Etherealize, which opened on March 1, is a collection of figure paintings in the style of traditional Chinese painting. Made through ink washes on large sheets of rice paper (or Xuan paper), the seemingly-simple shades of black and grey flow across the canvases in rich, dynamic shapes and lines.
“Xuan paper has a characteristic: It is to record every stroke of ink and water,” Wang said in the exhibition’s artist statement. This irreversibility gives each piece a vivacious, ephemeral quality. All were painted from live models, Wang told the Other Press at the show’s opening reception, and all were completed fairly quickly.
“Every picture, you just spend 10 minutes, or at maximum 20 minutes. You have to finish it, and some pictures you draw [are] not successful and you fail,” said Wang.
Though Etherealize showcases 20 works, these are selected from hundreds of similar paintings that Wang has done.

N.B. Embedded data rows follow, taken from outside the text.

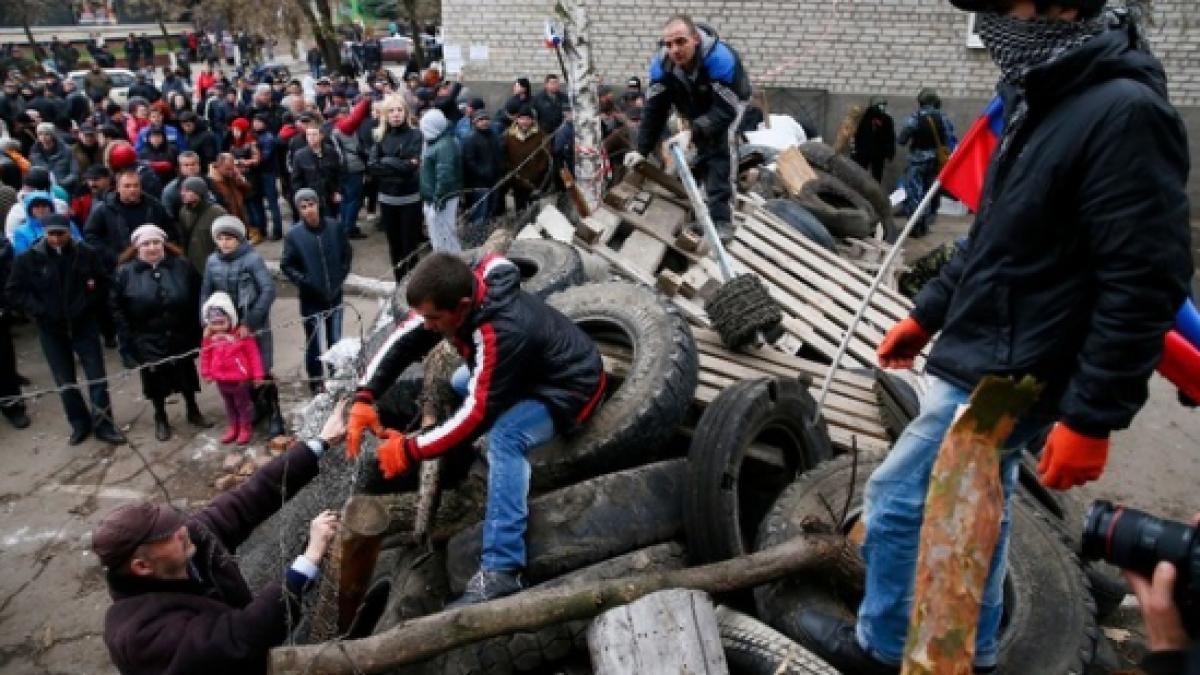 administratia americana exista conexiuni intre rusia si o parte dintre militantii inarmati din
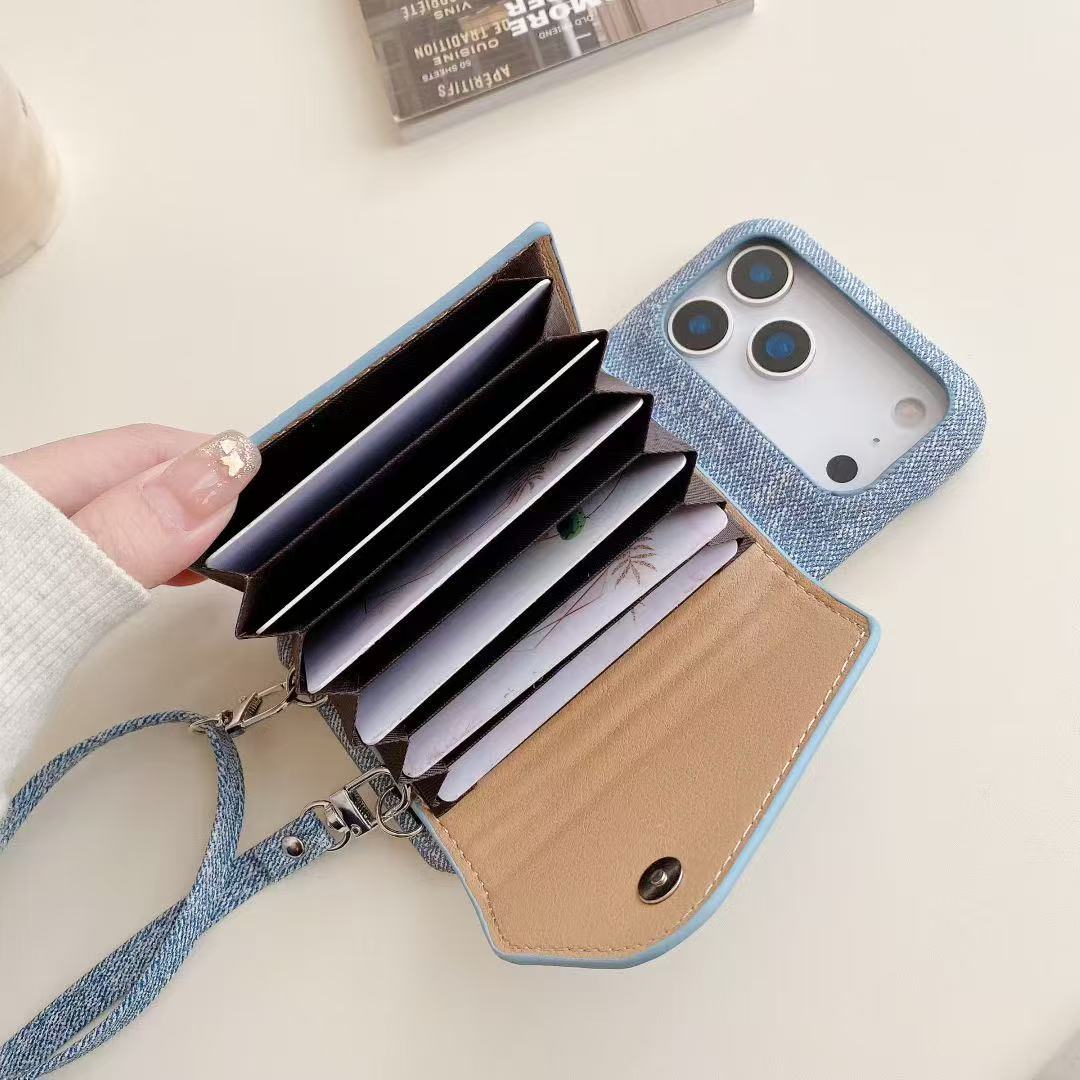 Trend Shell with Card Pocket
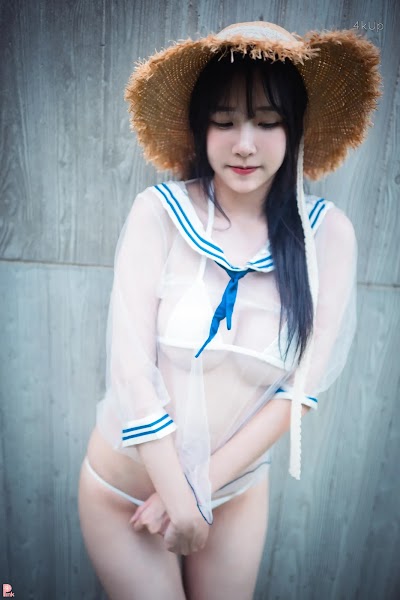[PINK] Lee Ahrin Bikini Day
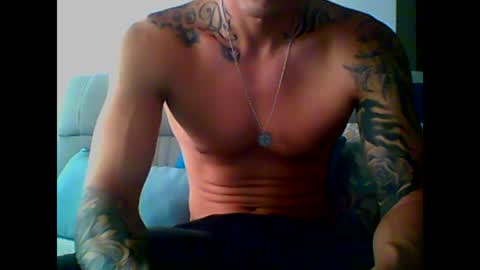 Snapshot of skater19xxx chatting on February 23, 9:59 pm miguel online show from February 23, 9:59 pm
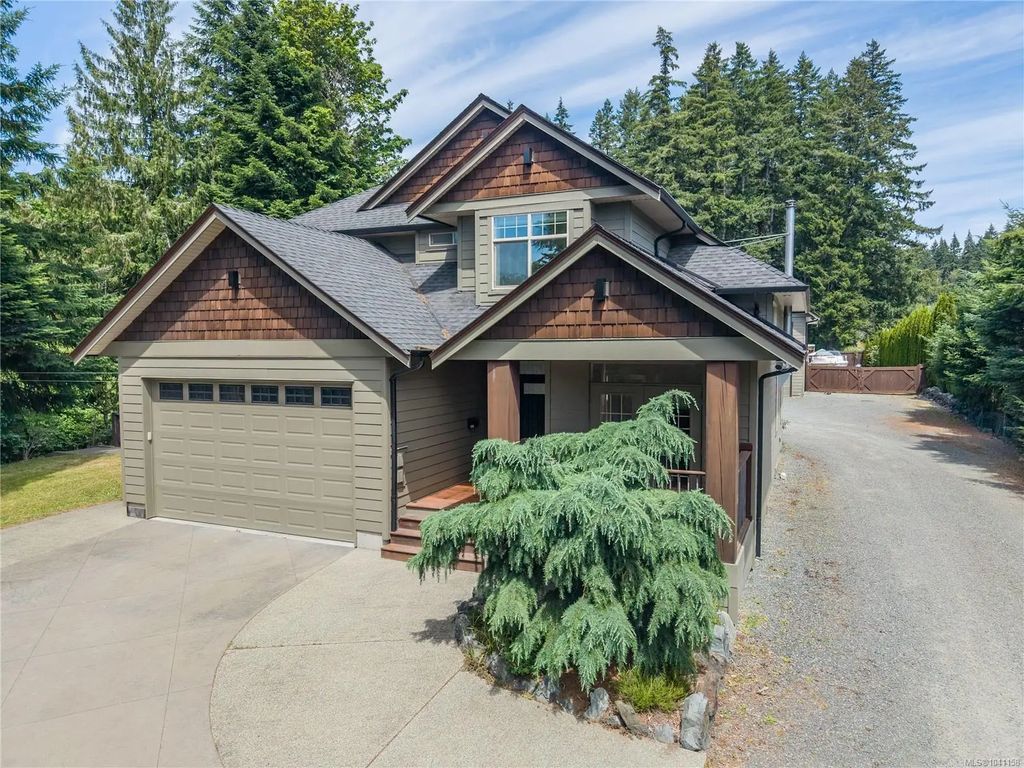 5211 Compton Rd, Port Alberni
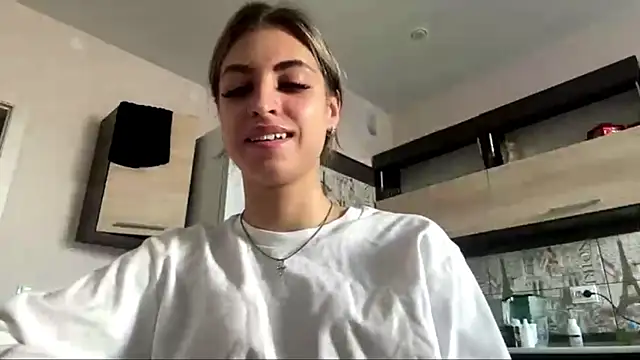 Pokazy przed kamerką – Rossy_DE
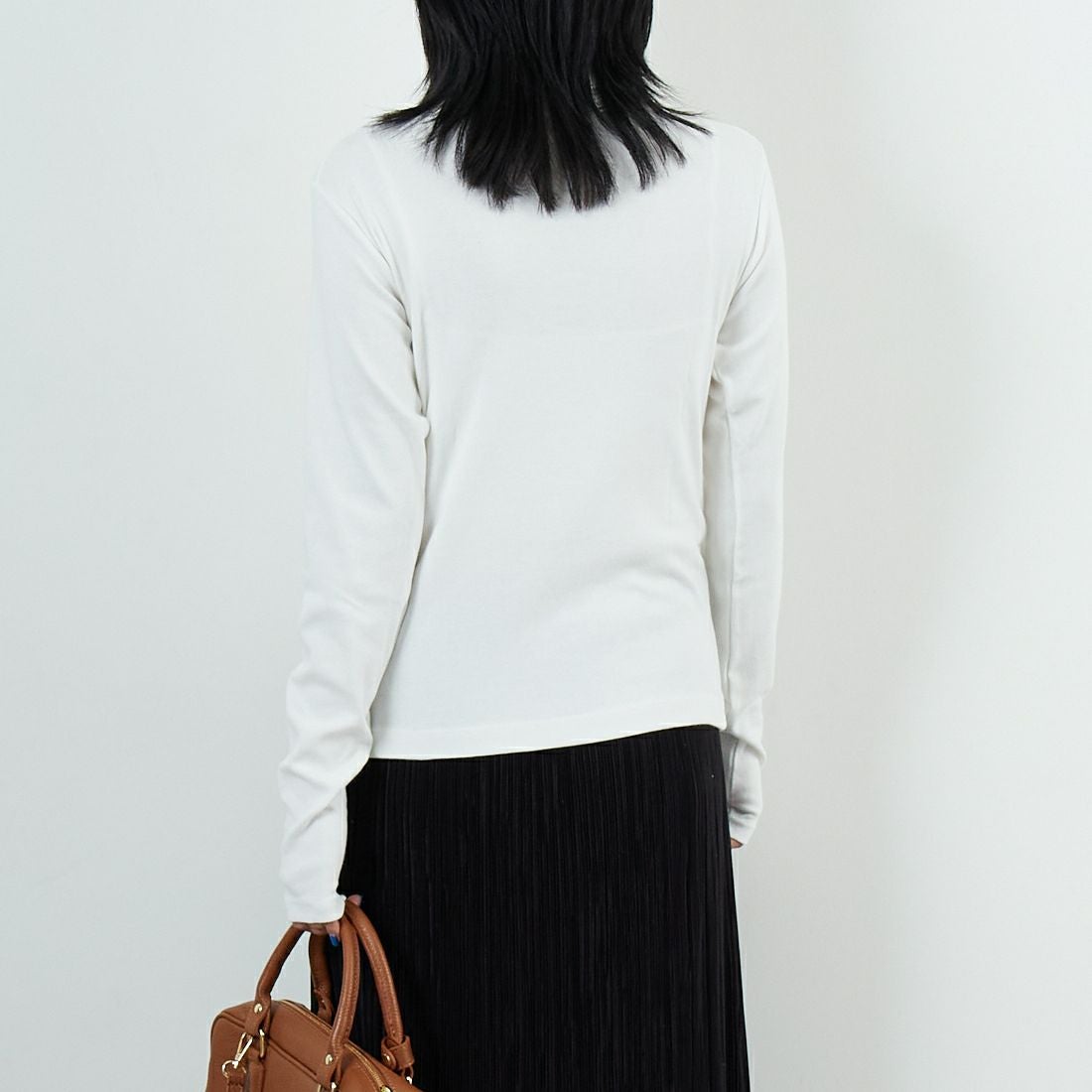 GICIPI [ジチピ] PREZZEMOLO タートルネックカットソー [2520A] BIANCO &&モデル身長：167cm 着用サイズ：2&& &&モデル身長：167cm 着用サイズ：F&&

The exhibition opening also featured Wang himself giving a live demonstration of his work, painting a colourful portrait of two young girls at the reception, in front of an audience of captivated watchers.
Wang said he isn’t nervous about painting in front of a crowd, but he does find it tiring to work on such a large canvas and having to move up and down the paper. However, he said he also finds it very exciting.
Wang has exhibited at the Amelia Douglas Gallery previously, with a solo exhibition called Alternating Seasons in 2010. In his previous Douglas show he used a different type of paper, allowing him to create more detailed works, such as intricate illustrations of trees—some examples are currently on display in the gallery.
“This time it’s raw rice paper, so it’s hard to control the colour, but the first exhibition it [was] easy to control the colour, and then you can draw more detail,” he said. “This is the difference, and this time it’s freestyle.”
Since the works of Etherealize are quick studies, Wang is also happy to donate most of the proceeds from the exhibition back to Douglas. The paintings are on sale for $100 each, and a generous portion of this price will go towards scholarships and other funding for student education.
The Amelia Douglas Gallery is located on the fourth floor of the New Westminster campus, and Etherealize will be open until April 21.